Borka torque wrench set, good rings will eliminate need for lapping imo, blue lock tight, degreaser, wheeler bore sight laser if need be, perhaps a leveling device of some sort to level reticle with the earth.
 
Buy quality rings and you can skip the lapping entirely. I like using a level that I can reference to the action, and then a level for the scope so I can compare the two. I believe Wheeler makes the set I use. Torque wrench is highly recommended. I also use a laser boresight to help conserve ammo during zeroing, but you can usually skip the laser by just removing the bolt and looking through the barrel. That should keep you well under $100
 
For good rings, I've seen Badger, Seekins and TPS mentioned, occasionally Vortex or Nightforce, though at least a couple folks I've read were not impressed with the NF rings.
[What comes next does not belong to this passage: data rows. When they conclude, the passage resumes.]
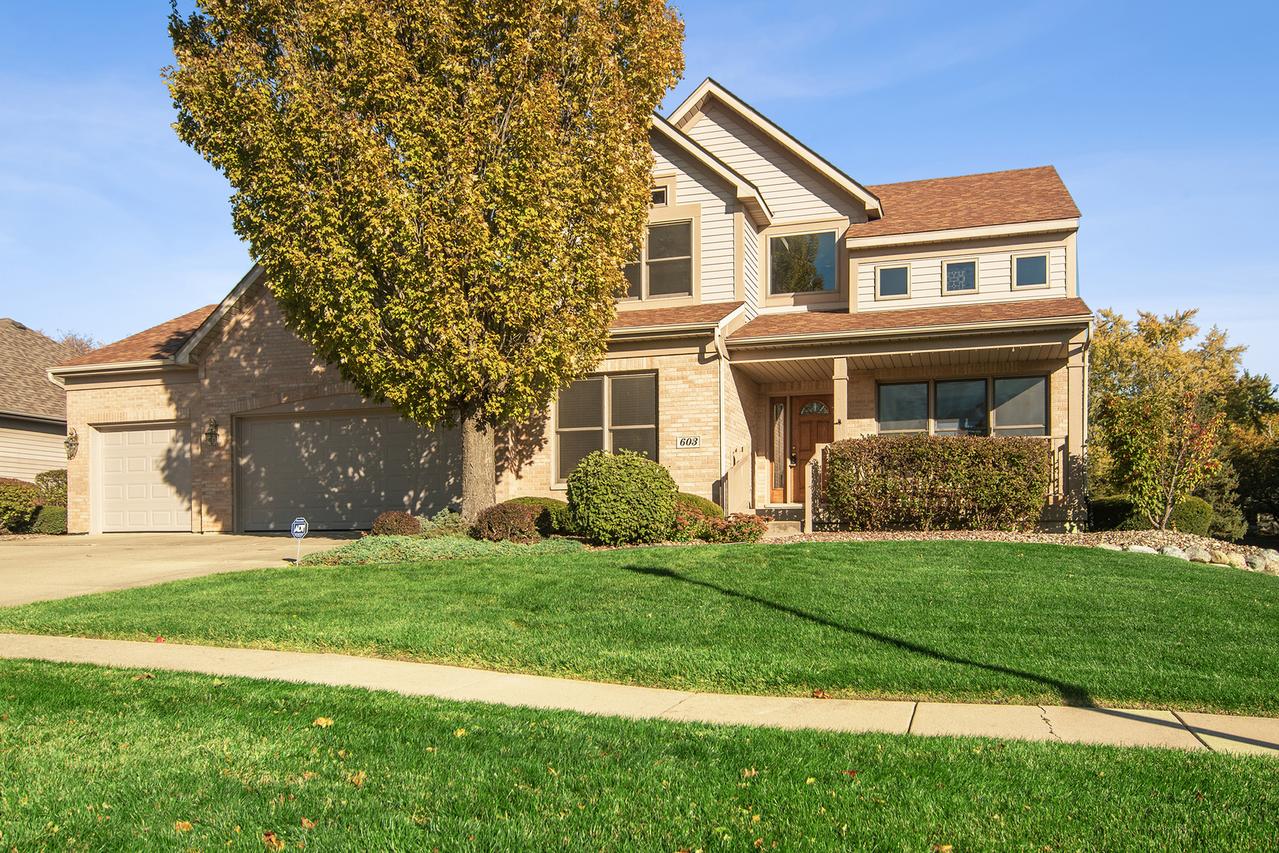 603 Ridgewood Dr., Antioch, IL 60002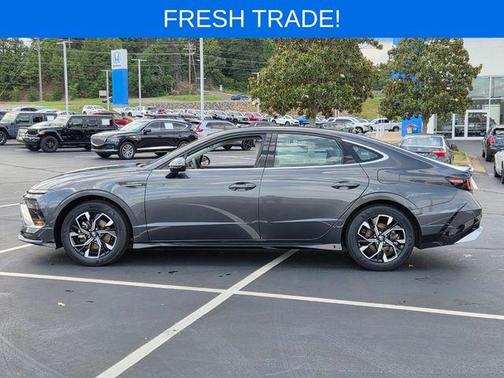 Gray 2025 Hyundai SONATA SEL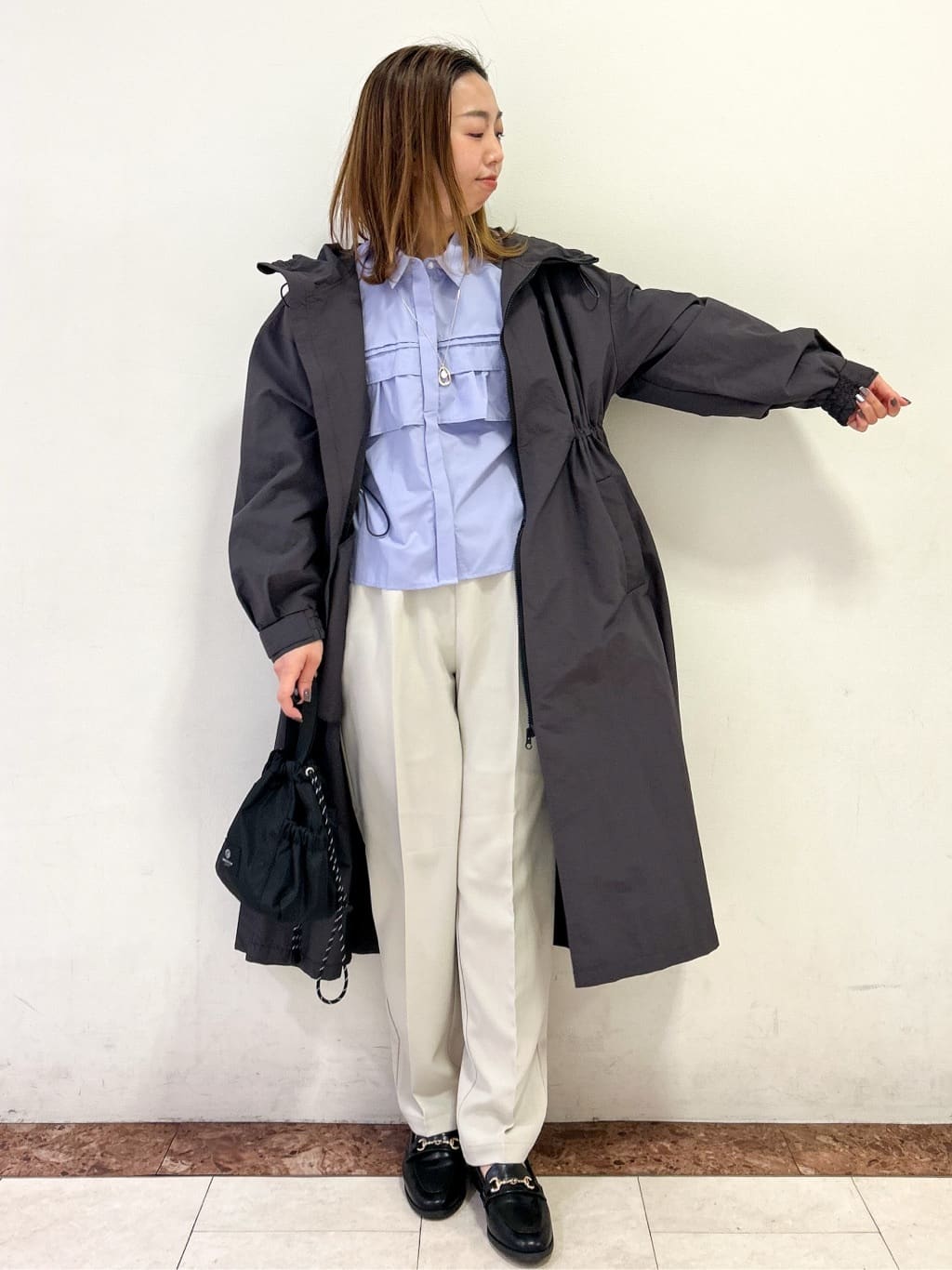 madokaさんの「OPAQUE.CLIP｜タックフリルシャツ【洗濯機OK】」を使ったコーディネート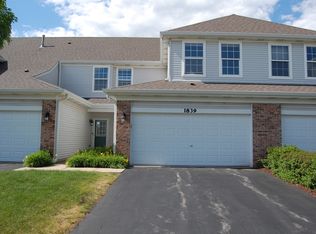 1839 Golden Gate Ln, Naperville, IL 60563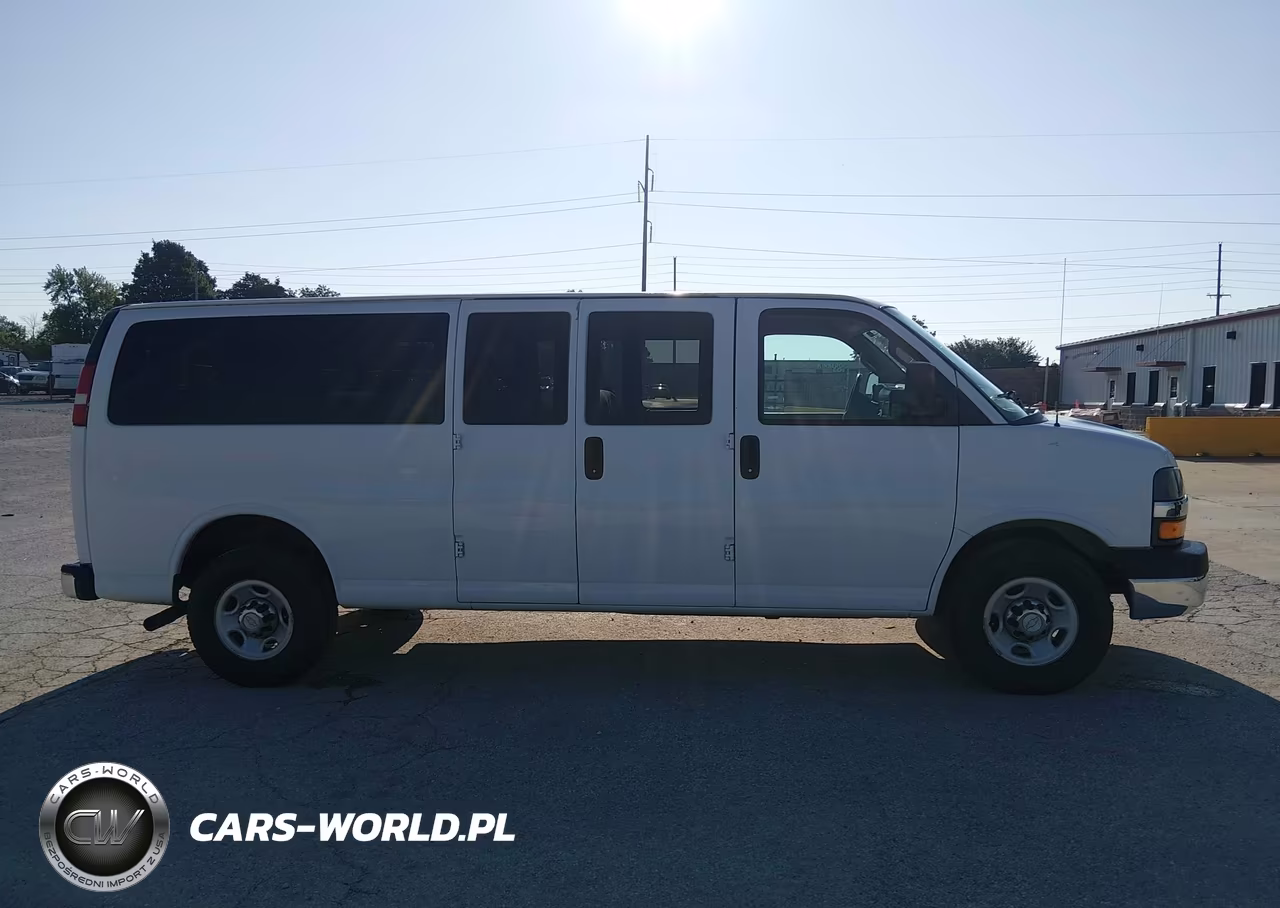 2016 Chevrolet Express 3500 Lt VIN:1GAZGPFG6G1317262 - 14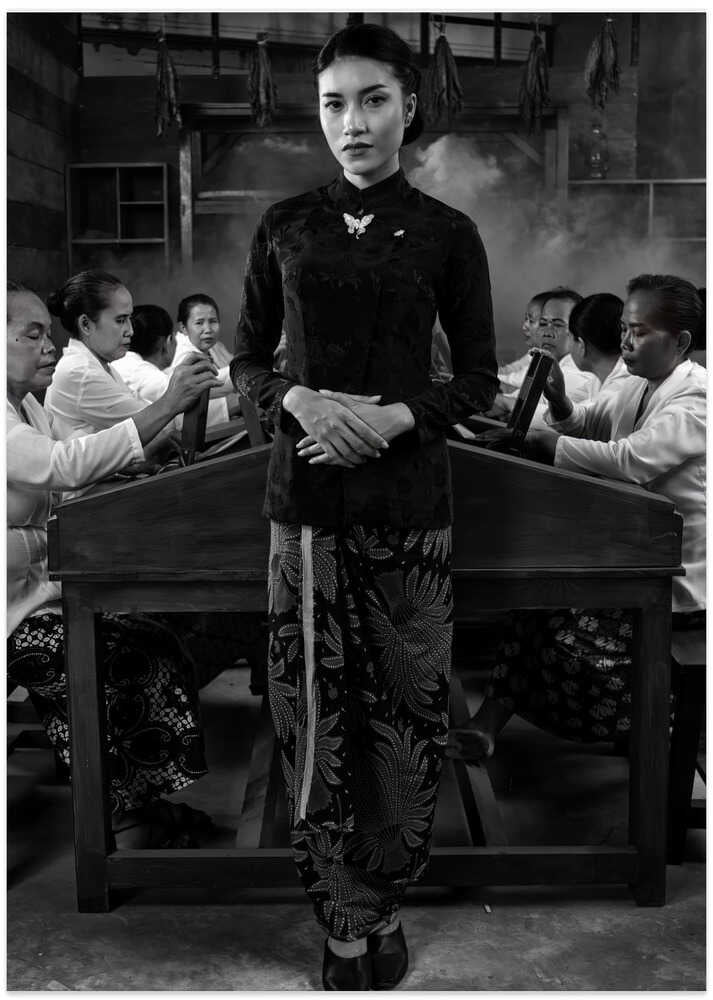 Gadis Kretek ( Cigarette Girl )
Anything else?
 
Don't worry about lapping or bore sighting, buy quality rings and bases like Seekins, Badger, APA, etc, along with a Borja torque wrench set and your good. If you want it perfectly level, get a rail mounted level, attach it, level the rifle, and while it's leveled, look through your scope at a plumb line, and line it up with the y axis on your reticle. Torque the scope down and call it good.

Sight in quickly at 25 or 50 yards in case your scope is way off. Then sight in at 100. That's what I'd do anyway...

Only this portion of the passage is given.